However, it is important to acknowledge some of the issues raised in Ashworth’s letter. Sometimes the relationship between bureaucrats and politicians can be rocky and full of unnecessary retaliation. I was particularly irked by the actions of the legislator who resorted to reducing Ashworth’s salary as a payback for his testimony against his bill. I wonder why one legislator will have so much power to make a decision that is unfair to a public servant, who did not break any laws or flouted any policies. I will definitely question where the other legislators where, especially proponents of Ashworth’s programs when the decision to reduce his salary in the line item budget was made. If I had the opportunity to question Mr. Ashworth, I will put the following questions to him: Did he Mr. Ashworth take up the issue of his salary reduction with the appropriate authorities including key members in the senate who oversaw the reduction? I will also want to know what type of response he got back from them.
2. Explain the metaphor in the title and briefly explain how this is central to understanding how to work with the press, unpleasant people, leaders, governing boards, and bureaucracies.
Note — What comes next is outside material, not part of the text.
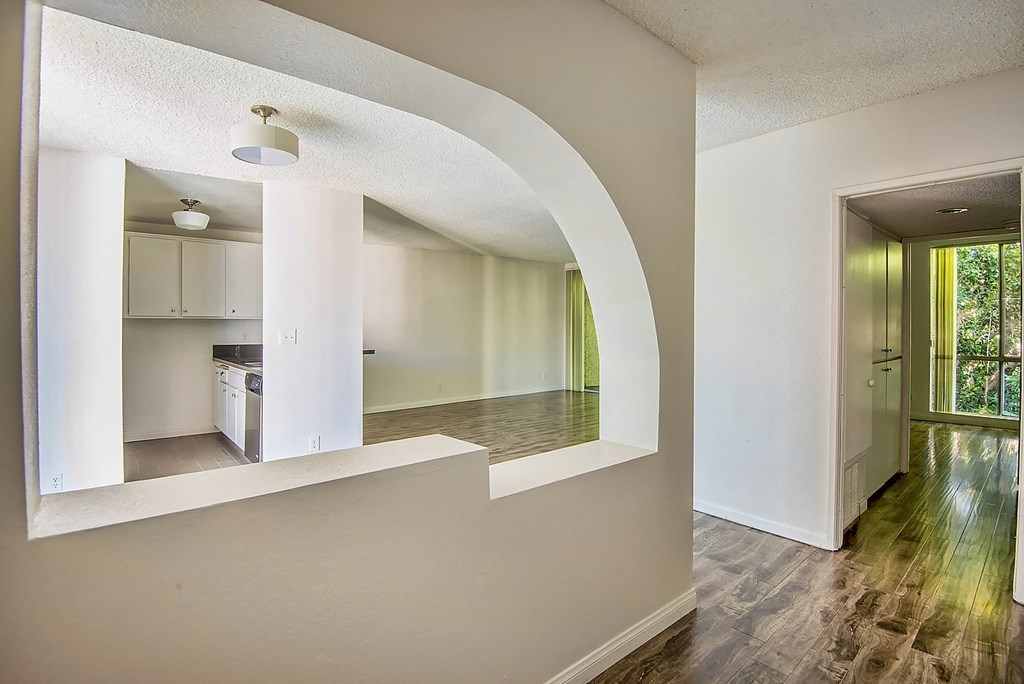 an open kitchen and living room with a hard wood floor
Caught between the dog and the fireplug means that in the midst of the demands and inevitable inefficiencies associated with public policymaking and program implementation, a savvy public servant can shape policy, have fun and a successful career. That metaphor can be better described in the words of the philosopher, theologian Thomas Aquinas who once said: “virtues in medio stat” virtue stands in the middle. A policy maker should be able to find a reasonable middle ground in dealing with the media, governing boards, leaders and unpleasant people. To be an effective policy maker, one cannot be on the extreme. One has to find balance, but firm in making the right decisions, which may sometimes be unpopular.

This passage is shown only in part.